L.L.D. : Que retenez-vous de cette expérience ?
P.W. : Lorsque je suis arrivée à Grenoble, je n’avais pas une grande idée de la France et de sa culture bien que le Bade-Wurtemberg soit plutôt proche. Je ne parlais pas non plus un mot de français. Au début, c’était difficile de travailler et de participer à la vie sociale. Mais après 12 mois d’immersion, je pense avoir bien appris la langue. En fait, je pense que ce sont les Français que j’ai rencontrés qui m’ont fait aimer la France et la façon de voir les choses ici. En découvrant la culture française, j’ai compris combien on peut apprendre les uns des autres, comme par exemple, cette célébration pour la nourriture et les repas si caractéristique en France ou ce goût pour la discussion, alors qu’en Allemagne on discute davantage dans l’attente d’un résultat.

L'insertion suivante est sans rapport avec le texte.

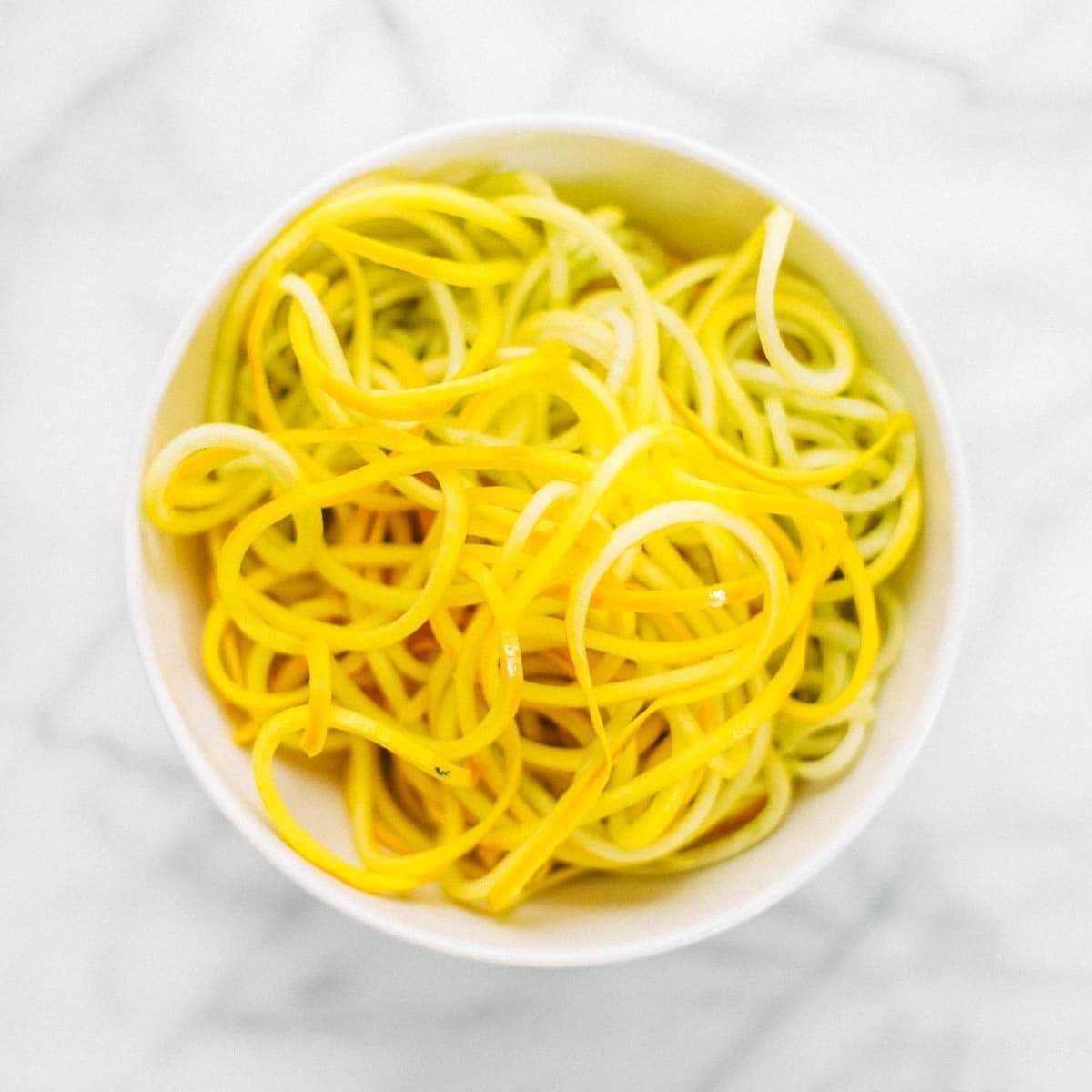 A spiraled zucchini in a bowl.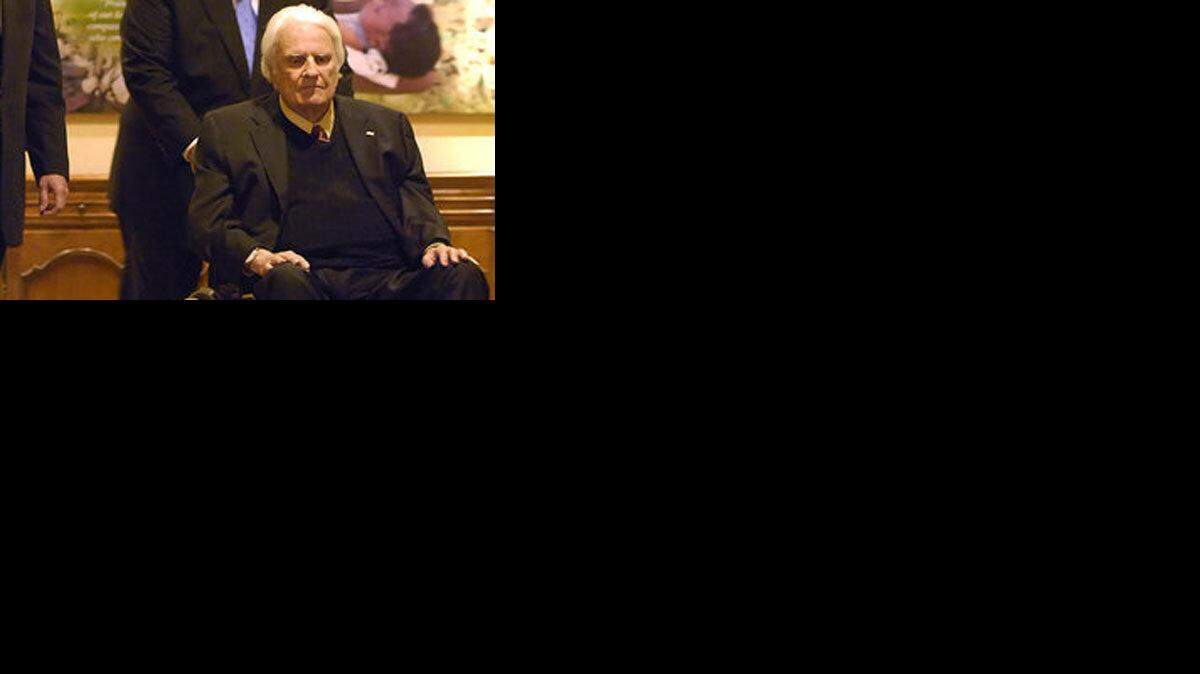 4/20/2010 Franklin Graham, left walks beside his father Billy Graham as they make their way into a dinner at the Billy Graham Evangelistic Association's headquarters Tuesday night.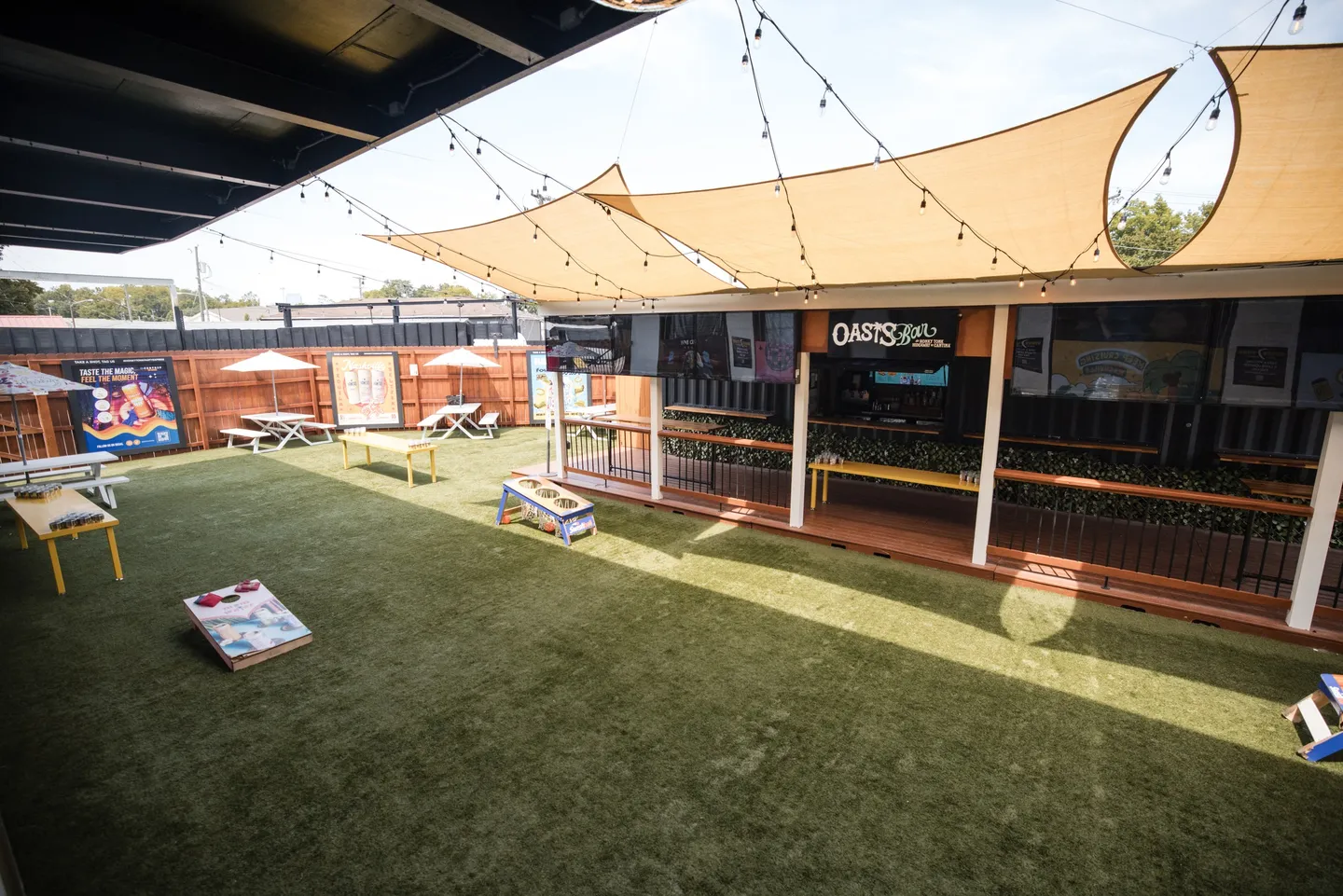 The Beer Garden at Honky Tonk Hideaway, with shade sails, seating and lawn games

L.L.D. : Quelles étaient vos motivations pour devenir Jeune Ambassadeur de l’OFAJ ?
P.W. : J’ai voulu transmettre mon expérience de la France et informer les jeunes sur les possibilités que leur ouvre l’OFAJ, quel que soit leur parcours. Cela m’a permis de rencontrer beaucoup de gens dans les deux pays et de parler de ma passion pour la France.
L.L.D. : Qu’est-ce qui vous marque le plus dans le cadre de ces activités ?

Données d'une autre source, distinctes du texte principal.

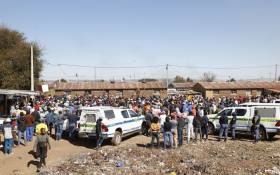 Mohlakeng community members hold a meeting with community leaders and members of the South African Police Service (SAPS) at a Mohlakeng Hostel, near Randfontein, on 8 August 2022, during a demonstration by residents against illegal mining and crome in their area. Picture: PHILL MAGAKOE / AFP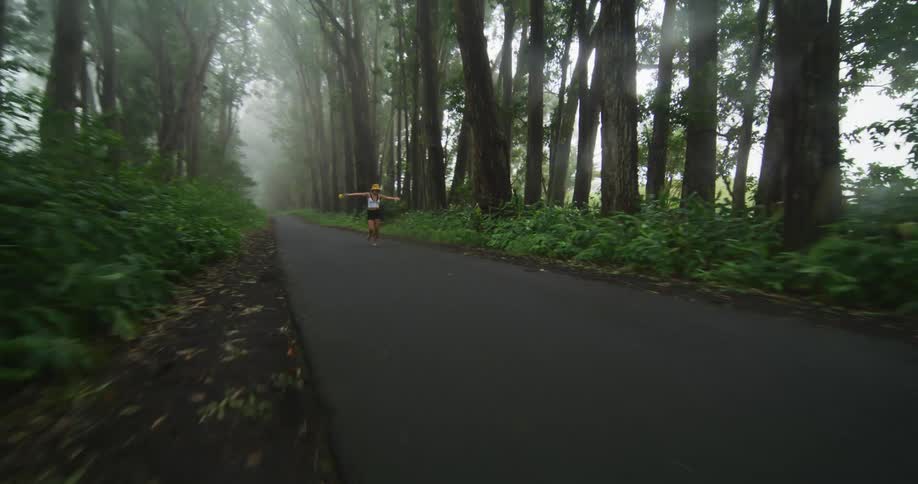 Woman with hat white sleeveless shirt and black shorts happily walks on forest asphalt road in fog
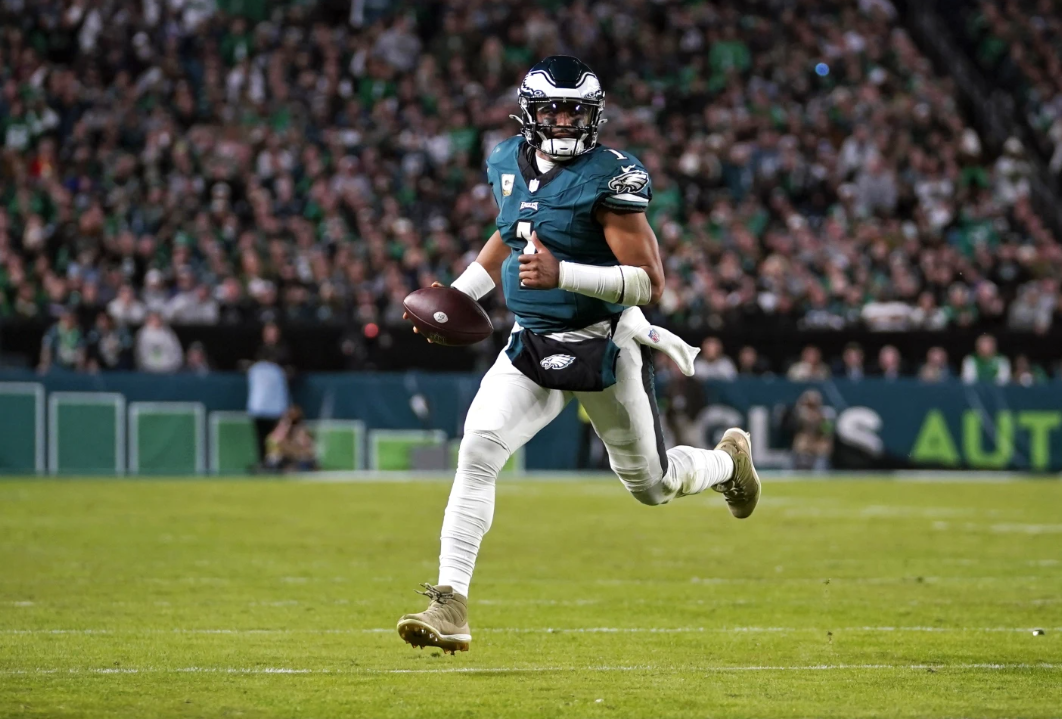 Philadelphia Eagles quarterback Jalen Hurts runs with the ball during the second half of an NFL game against the Dallas Cowboys on Sunday, Nov. 5, 2023 in Philadelphia.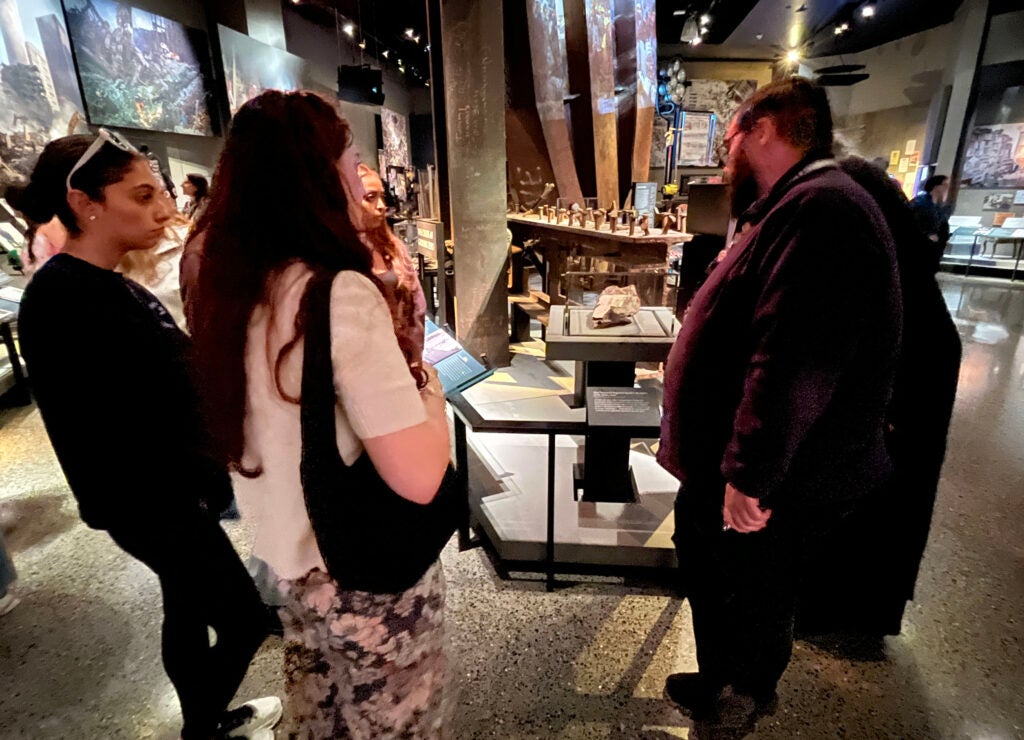 a group of people are gathered around an exhibit at a museum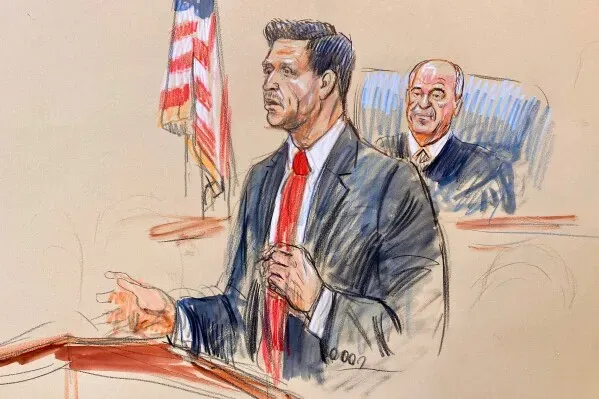 محامي يتحدث أمام هيئة المحلفين في محكمة فيرجينيا خلال محاكمة متهم بالتآمر في تفجير مطار كابول. الخلفية تظهر القاضي.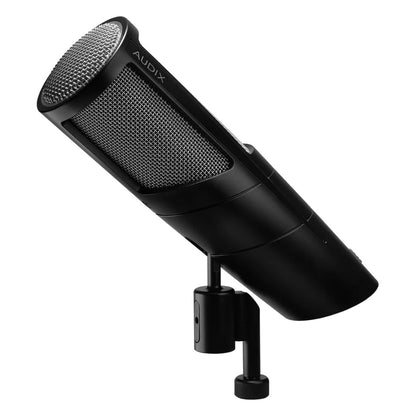 PDX520 angled view mounted on a desk-style stand clamp, showing the side-address mesh grille and AUDIX logo, Audix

P.W. : C’est très enrichissant de donner envie de découvrir d’autres cultures, ce qui est, à mon avis, l’objectif de l’OFAJ. En Saxe, où je suis étudiante, je suis allée dans de nombreuses écoles, collèges et lycées. J’ai aussi participé à de grands événements comme le Foire du livre de Leipzig où nous avions un stand, mais j’ai également voulu faire connaître les programmes de l’OFAJ dans les villages qui sont, comme celui dont je suis originaire, peu connectés avec l’internationalité. En France, j’ai participé au Forum franco-allemand qui s’est tenu à Strasbourg en novembre 2018.
L.L.D. : Que vous évoque le traité de l’Élysée et son projet de renouvellement ?

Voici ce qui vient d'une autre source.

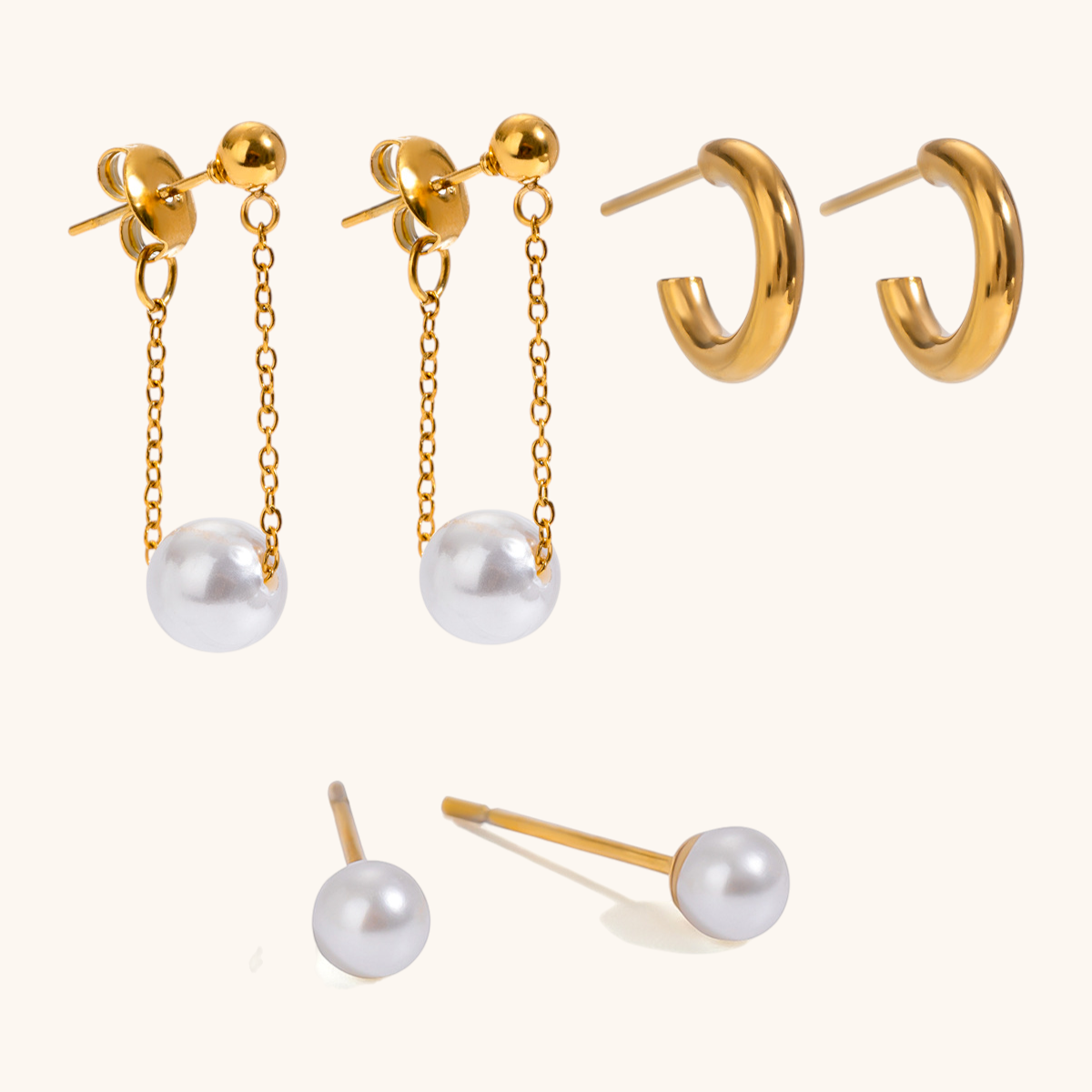 Studio close-up of gold hoop earrings, small pearl studs, and long chain pearl drop earrings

P.W. : Il s’agit bien sûr d’un accord important pour l’Allemagne et la France, qui a fondé l’OFAJ et qui m’a permis de devenir Jeune Ambassadrice. Je pense qu’il est très important de montrer que cette institution et les autres qui ont découlé du traité de l’Élysée sont très concrètes et vivantes.
Le renouvellement de ce traité a mobilisé beaucoup d’énergie au sein de l’OFAJ avec le projet de traité de l’Élysée 2.0.19. À Leipzig, j’ai organisé une table ronde en coopération avec l’Université. J’ai été frappée par l’enthousiasme des propositions que nous avons recueillies sur de nombreux sujets comme la lutte contre réchauffement climatique. Ces propositions sont aujourd’hui entre les mains de nos dirigeants. Il est aussi intéressant de noter que de jeunes étudiants d’autres pays et régions, de Grande-Bretagne ou de Catalogne par exemple, ont activement pris part à ces débats. Ce qui reflète la dimension européenne de la relation franco-allemande. En ce sens, l’OFAJ et le renouvellement du traité de l’Élysée peuvent contribuer fortement à faire face à la montée des populismes.
A contrario des idées reçues, cette expérience montre que les jeunes veulent s’investir et ne pas laisser les générations plus âgées décider à leur place. Ceci dit, après mon mandat de Jeune ambassadrice à l’OFAJ, je souhaiterai pouvoir continuer à m’investir mais en vue de favoriser davantage les liens intergénérationnels.